OPINION FILED JUNE 8, 1979.

THE PEOPLE OF THE STATE OF ILLINOIS, APPELLEE,

v.

HENRY CLAY PRESTON, APPELLANT.



Appeal from the Appellate Court for the First District; heard in that court on appeal from the Circuit Court of Cook County, the Hon. Frank J. Wilson, Judge, presiding.

MR. JUSTICE WARD DELIVERED THE OPINION OF THE COURT:

The defendant, Henry Clay Preston, was indicted in the circuit court of Cook County for the murder, robbery and armed robbery of George Pope. A jury returned verdicts of guilty of murder and robbery and not guilty of armed robbery, and judgments were entered on the verdicts. The defendant received concurrent sentences of from 75 to 100 years on the murder conviction and from 6 to 8 years on the robbery conviction. The appellate court affirmed the convictions (60 Ill.
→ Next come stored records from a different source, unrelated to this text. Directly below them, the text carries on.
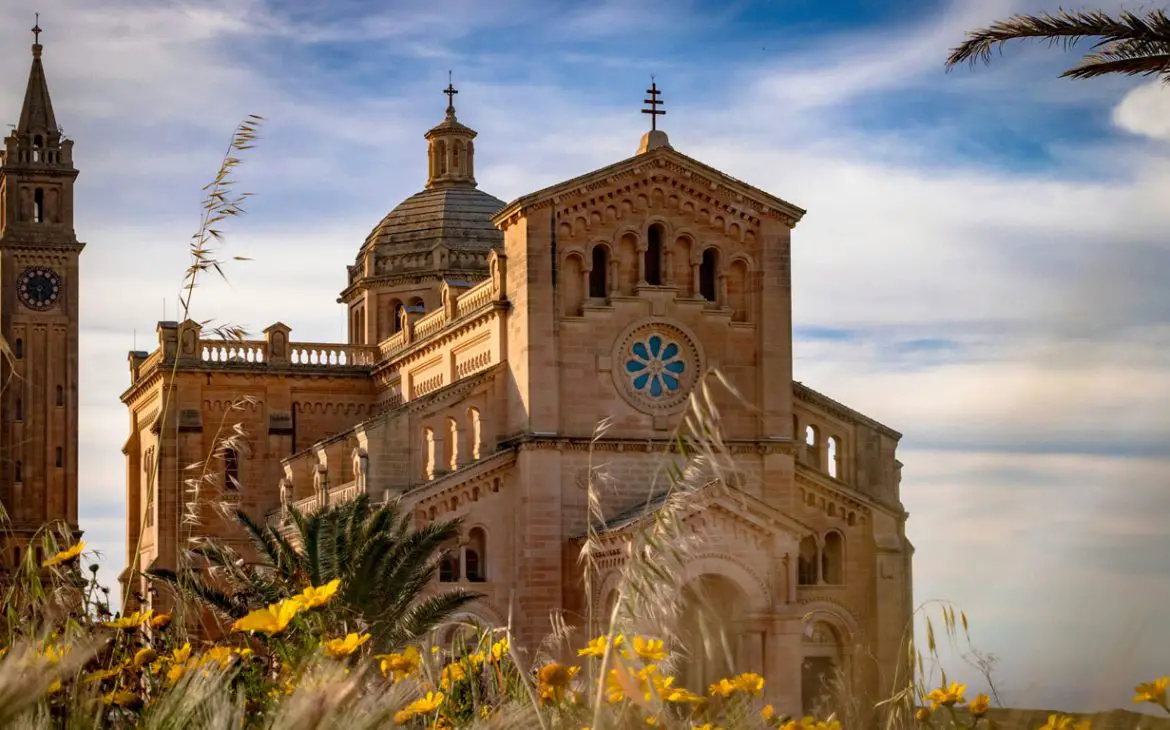 A Basílica de Ta' Pinu, em Gozo, ergue-se majestosamente em meio às flores silvestres, com sua arquitetura ornamentada e torres sineiras gêmeas se estendendo em direção a um céu azul suave, emanando uma sensação de paz e grandiosidade espiritual.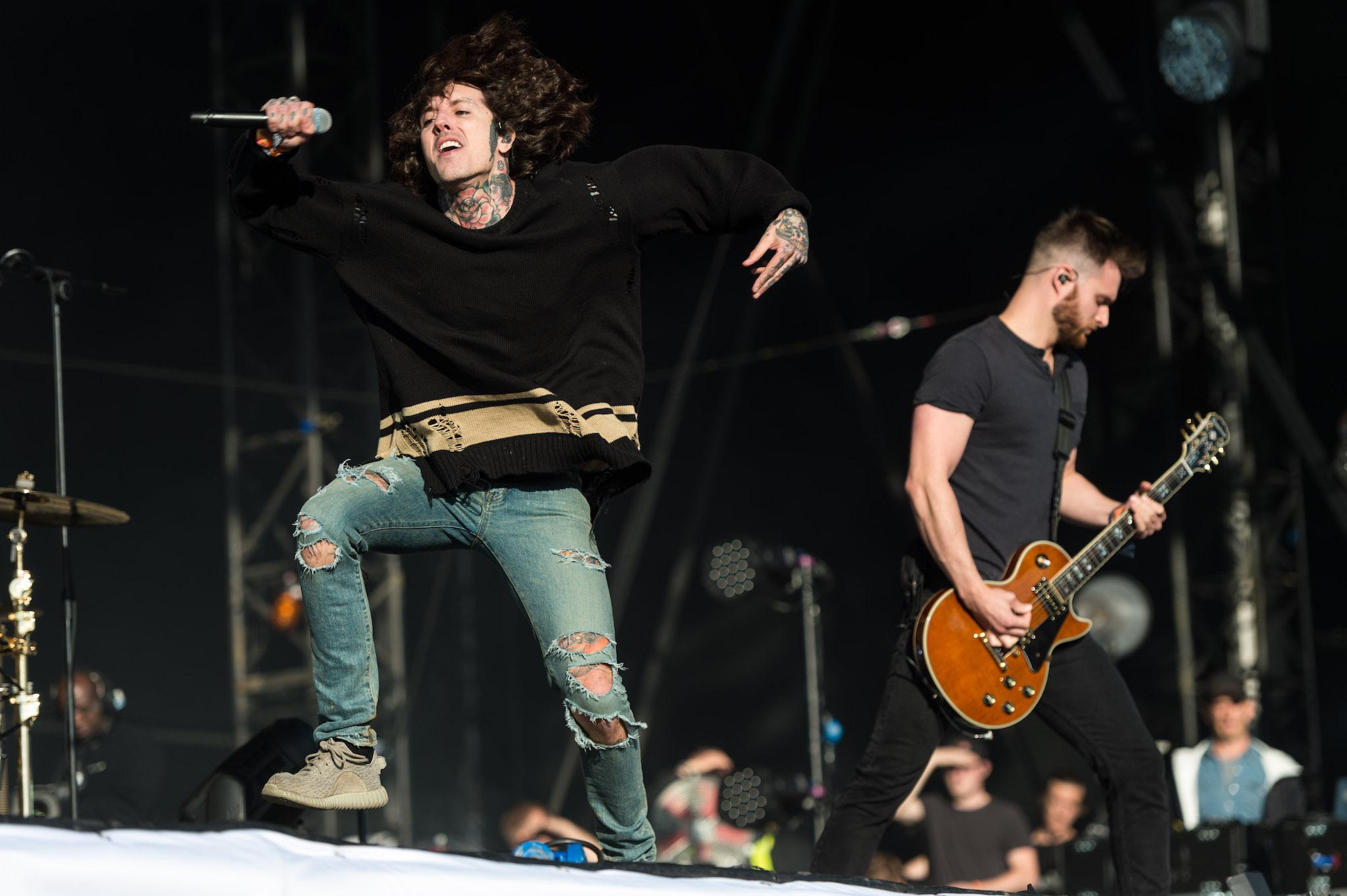 Oliver Sykes of 'Bring Me The Horizon' performs on the Other Stage during the Glastonbury Festival at Worthy Farm, Pilton on June 24, 2016 in Glastonbury, England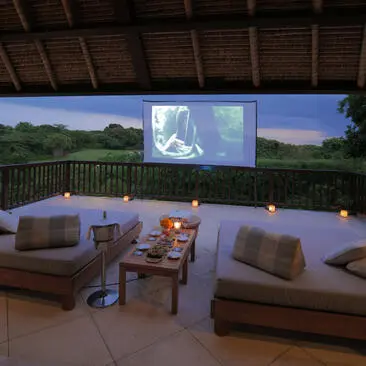 Outdoor pavilion at Aman Villas at Nusa Dua with seating and projection screen showing film during evening.
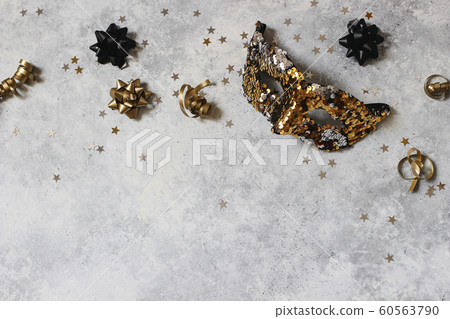 New Year festive composition, web banner with carnival mask, black and gold confetti stars. Party decoration, celebration concept. Flat lay, top view. Grunge concrete background. Empty copy space. New Year festive composition, web banner with carnival mask, black and gold confetti stars. Party decoration, celebration concept. Flat lay, top view. Grunge concrete background. Empty copy space. 60563790
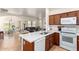 Open kitchen concept with a breakfast bar, modern appliances, and ample counter space at 1560 E Melrose Dr, Casa Grande, AZ 85122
App.3d 162), and we allowed the defendant's petition for leave to appeal.

The defendant was charged with having shot and killed Pope in the course of a robbery in a Chicago Housing Authority building in Chicago, where Pope was employed as a uniformed security guard. There were no eyewitnesses, and the defendant's conviction rested on the testimony of James Fleming, a friend of the defendant, concerning events taking place shortly following the crime. Fleming testified that the defendant visited him on the evening of April 8, 1974, and told Fleming that earlier that evening, after encountering Pope in an elevator, he had taken the latter's pistol from its holster, announced a holdup, and then shot him with the pistol. The defendant told Fleming that he then removed a wallet and some currency from the person of the victim, and he showed Fleming the pistol and wallet. The pistol was sold to another person. It was later recovered, and was identified as having belonged to the victim. The wallet and the currency were not found. The count charging robbery alleged the taking of the pistol, while the charge of armed robbery alleged the taking of the wallet and the currency.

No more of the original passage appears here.